Art World
How Did Frida Kahlo Really Feel About New York? She Despised Its ‘Scumbag Millionaires’ But Loved Its ‘Magnificent’ Art
Read an excerpt from "Frida in America: The Creative Awakening of a Great Artist."
Read an excerpt from "Frida in America: The Creative Awakening of a Great Artist."
Celia Stahr ShareShare This Article
In November 1931, Frida Kahlo and her husband Diego Rivera traveled to New York for the opening of Rivera’s exhibition at the Museum of Modern Art. The following excerpt from the book Frida in America: The Creative Awakening of a Great Artist recounts the artist’s experience in the American city.
While in New York, [Frida Kahlo] experienced the huge disparity between the wealthy and the poor.
On the one hand, in her short time in this city she’d been surrounded by millionaires, socializing in their spacious homes, partaking of food and drink served by the hired help. On the other hand, she told her mother: “Witnessing the horrible poverty here and the millions of people who have no work, food, or home, who are cold and have no hope in this country of scumbag millionaires, who greedily grab everything, has profoundly shocked [us].” Frida and Diego even visited a homeless shelter, where they saw people “sleep like dogs in a pen.” The experience inspired Diego to portray this grim reality in a painting called Frozen Assets, where bodies are placed side by side as if in a morgue, hidden away beneath the cranes of industry.

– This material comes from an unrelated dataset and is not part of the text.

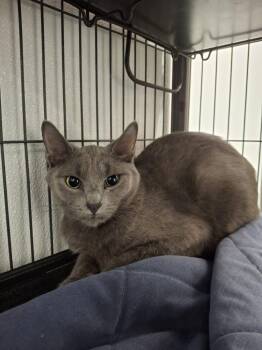 SCORPION -  Domestic Short Hair Cat for Adoption in Ironwood, Michigan - SCORPION | PetCurious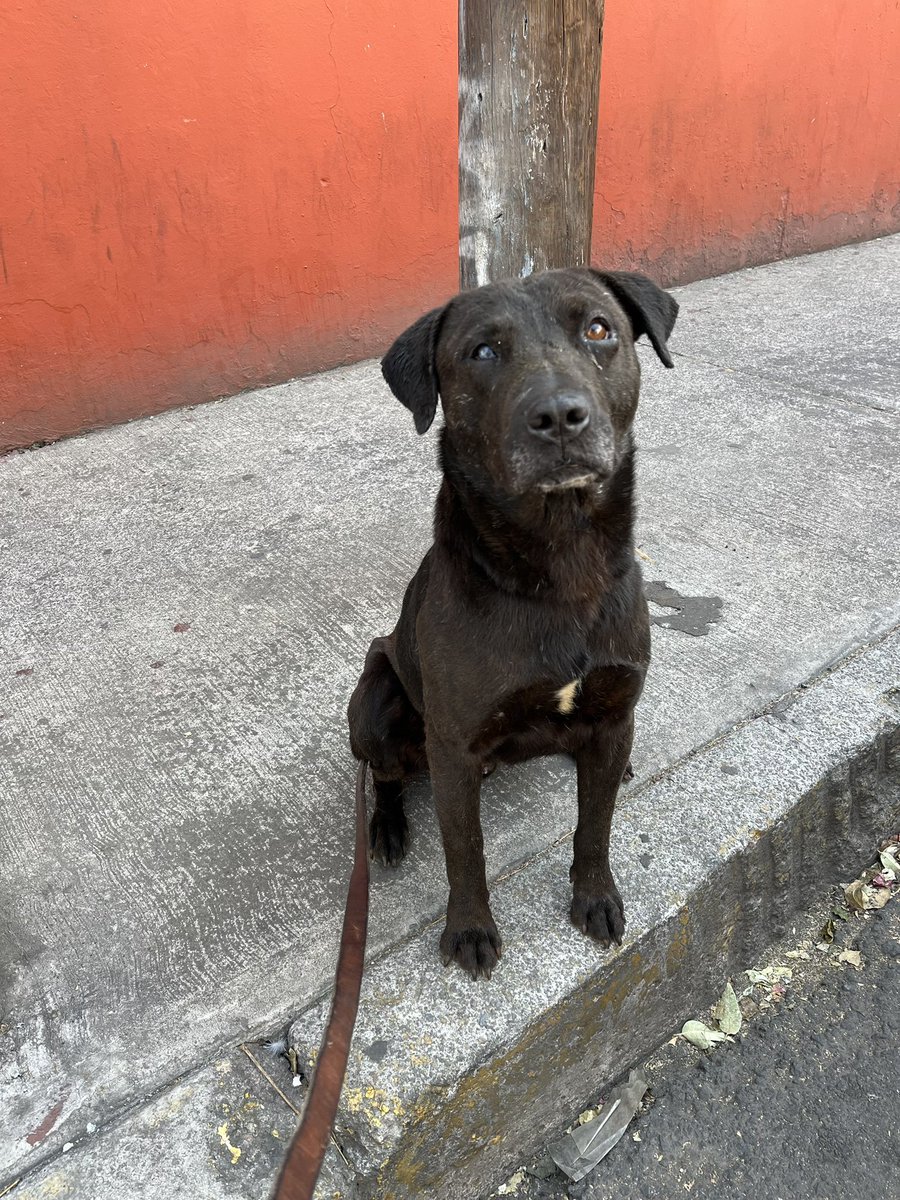 𝙷𝚎𝚕𝚊 𝙼𝚘𝚛𝚎 🐶 tweet media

What Diego’s painting doesn’t show is the dearth of shelters for the large numbers of people in need—1.2 million people across the country had lost their homes in the first few years of the Depression. In New York, roughly 2,000 homeless people wandered the streets.
For some New Yorkers, the only way to survive was to build their own shacks out of wood or bricks. Soon encampments began popping up in various parts of the city. The most notorious was known as “Hoover Valley,” named after President Herbert Hoover. This shantytown, comprising seventeen shacks, was set up in Central Park north of Belvedere Castle in the area known today as the Great Lawn. Although the unemployed men in Hoover Valley had been arrested in July 1931, by wintertime even the wealthy residents of the new Fifth Avenue and Central Park West apartments didn’t protest when the men returned. As weather conditions and the economy deteriorated, a modicum of sympathy appeared among the affluent. But Frida didn’t hear much of it from the well-to-do people with whom she interacted. And even Diego, she told her mother, had started to “hate this country a little.”
Although the apparent contradictions between Diego’s attitudes about the rich and his behavior toward his capitalist patrons didn’t seem to bother him, the issue weighed on Frida’s mind: “Unfortunately, he has to work for these filthy rich asses.” And she acknowledged, “I have no choice but to put up with them since they are the ones who buy paintings.”
Frida felt more at home surrounded by art. Within the first week of exploring this “huge” city that seemed as if it could swallow her up, she found her way to the Metropolitan Museum of Art, located on Fifth Avenue at East 82nd Street. She was immediately drawn to the Egyptian section, with its re-creation of a tomb “brought from Egypt stone by stone,” some bas-reliefs, “magnificent sculptures from 4,000 and 6,000 years before Christ,” household objects, and costumes, she wrote. She also marveled at the “Greek archaic period, 3,000 years before Christ,” and the “Christian, Roman, and Etruscan art.” She told her mother that she found “very good copies of the mosaics from St. Mark’s in Venice” and saw some of the best art from the Medieval and Renaissance periods, as well as “originals by the Italian Primitive painters, German painters, and French Modern painters.” She enthused: “It’s very interesting and one can learn a lot of new things.” Frida was also thrilled to see some original Goya paintings—“You have no idea how he painted.” She spent hours exploring the museum, her energy never waning.
Frida was spellbound when she came upon El Greco’s View of Toledo. This oil-on-canvas landscape, which foregrounds green rolling hills and a small lake, pulls the eye up to meandering hills topped with gray-blue buildings, ultimately leading the viewer to a dynamic blue, gray, and white sky. It’s a typical El Greco sky, filled with jagged, apparitionlike light and dark clouds, a quality Frida would draw on in later paintings such as The Two Fridas (1939). She found the colors “the most wonderful” she’d ever seen. El Greco had painted his feeling of this Spanish city, and Frida responded with an exuberance that buoyed her state of mind.
A little over a month later, Frida created her own landscape. This watercolor, painted in thin washes of greens, browns, grays, and blacks, is a bird’s-eye view of Central Park as seen from her window. Like El Greco, she too placed a body of water in the foreground, with sinuous lines moving through the grass and hills, directing the eye up to buildings in the background.
Frida’s landscape, however, is dotted with bare trees that stand naked, while El Greco’s is filled with dark evergreens, showing the constant vibrancy of nature throughout the seasons, emphasized by the dazzling green layers of oil pigment. In Frida’s view of nature, the park, like the rest of New York, possesses both a quiet beauty and a distant isolation.